The Cincinnati Bengals visited Buffalo to take on the Bills in the Divisional Round of the AFC playoffs. After their in-season matchup was canceled due to the Damar Hamlin incident, this would be the first full game between Josh Allen and Joe Burrow. With a trip to Kansas City (or a neutral site) on the line, Buffalo’s biggest flaws were deeply exposed by a banged up Bengals team.
Bengals Take Early Double Digit Lead
The Bengals dominated the game from start to finish, jumping out to an early 14 point lead in the first quarter. Buffalo’s defense seemed to come out flat, allowing Burrow and company to march down the field any way they wanted to. On the opening drive of the game, Burrow went 4/4 for 64 yards and a TD, with the score going to Ja’Marr Chase, who was wide open after miscommunication or broken coverage in the Bills secondary.

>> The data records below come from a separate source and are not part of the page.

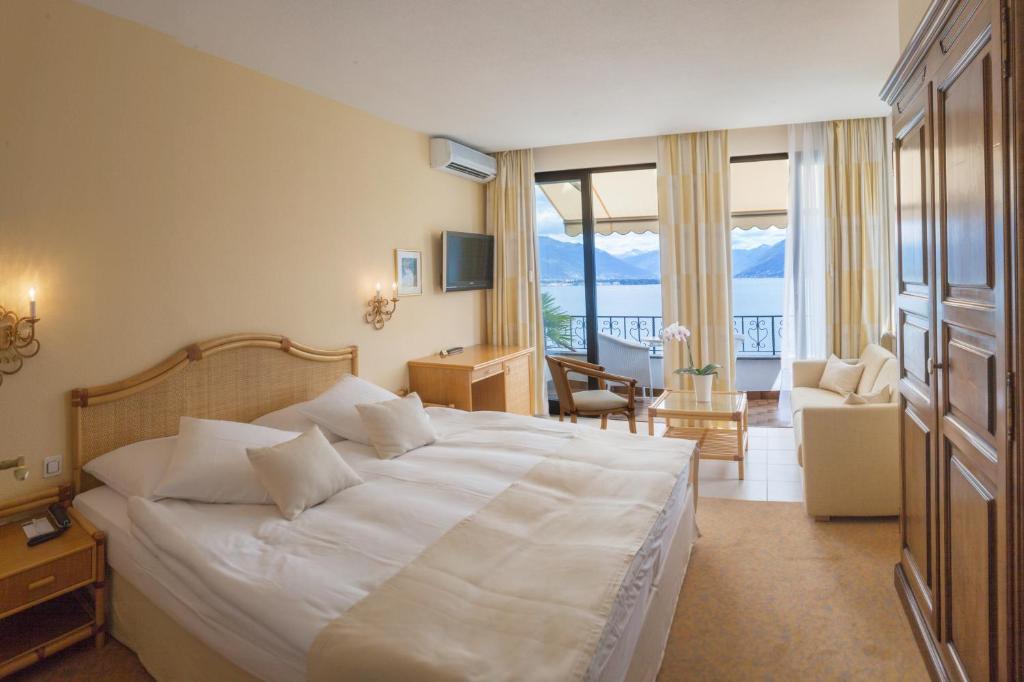 Postel nebo postele na pokoji v ubytování Boutique Hotel La Rocca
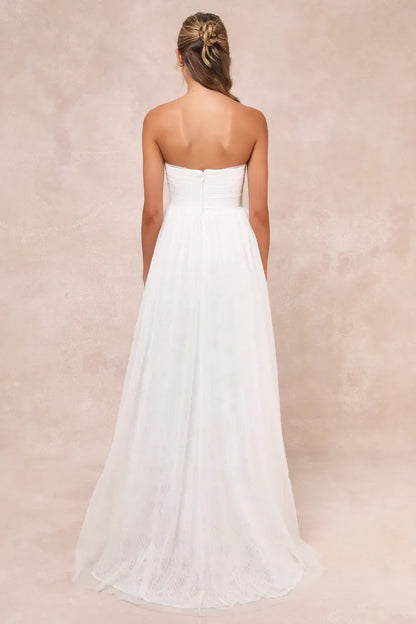XAYWEAR strapless white bridal gown with flowing skirt and fitted bodice back view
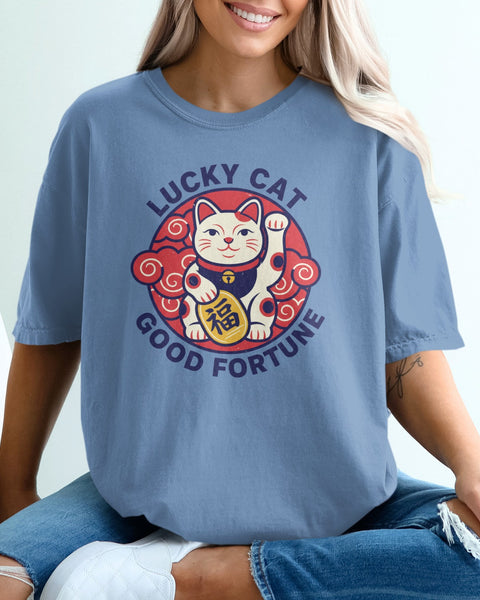 Blue t-shirt with a circular "Lucky Cat" graphic featuring a waving cat and Japanese characters.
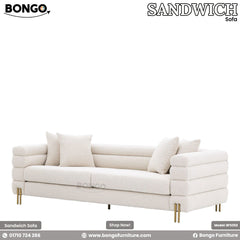 A modern three-seater sofa upholstered in a textured, off-white boucle fabric. The sofa's design is characterized by wide, horizontal channel tufting that wraps around its low back and arms. It is supported by slim, gold-finished metal legs and is shown with four matching throw pillows.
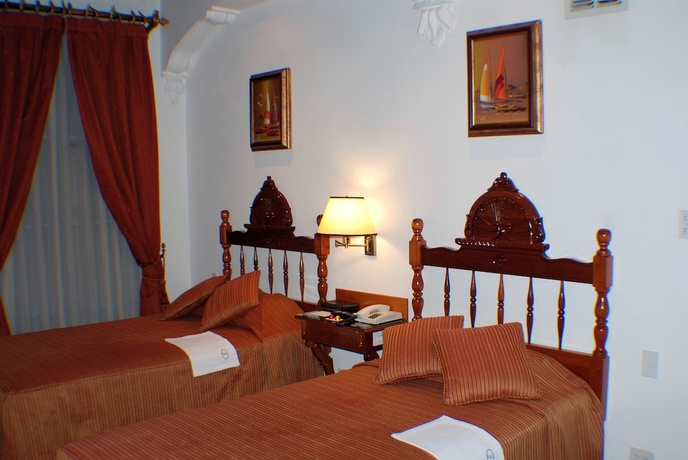 Imagen de la habitación del Hotel El Relicario Del Carmen. Foto 2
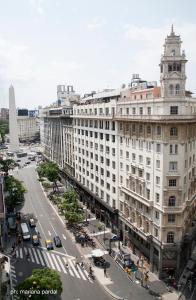 a large white building on a city street with traffic at HR Luxor Hotel Buenos Aires in Buenos Aires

On third and four for Buffalo, Allen just missed Stefon Diggs for a deep connection, and the Bills punted after gaining just six yards. This time, Cincinnati leaned on their run game, with Joe Mixon registering carries of five and 16 yards, Samaje Perine running for four, and Chase running for three. Thanks to another busted coverage, Burrow found tight end Hayden Hurst in the corner of the end zone all alone, for his second touchdown of the game. At this point, Burrow was a perfect 9/9, for 105 yards and 2 touchdowns. The Bills dug themselves into a hole early, and they could never recover as a result. The Bills gained just five yards on their next drive, and punted again without gaining a first down.
Buffalo’s First (and Last) Touchdown
The Bills eventually found some momentum, forcing the Bengals to punt thanks to a timely sack from Matt Milano on third down. On the play, the Bills rushed just three, but had Milano as a QB spy for when Burrow attempted to escape the pocket. After being the backbone of this defense in 2022, Milano’s sack was one of the few defensive highlights in the game for Buffalo.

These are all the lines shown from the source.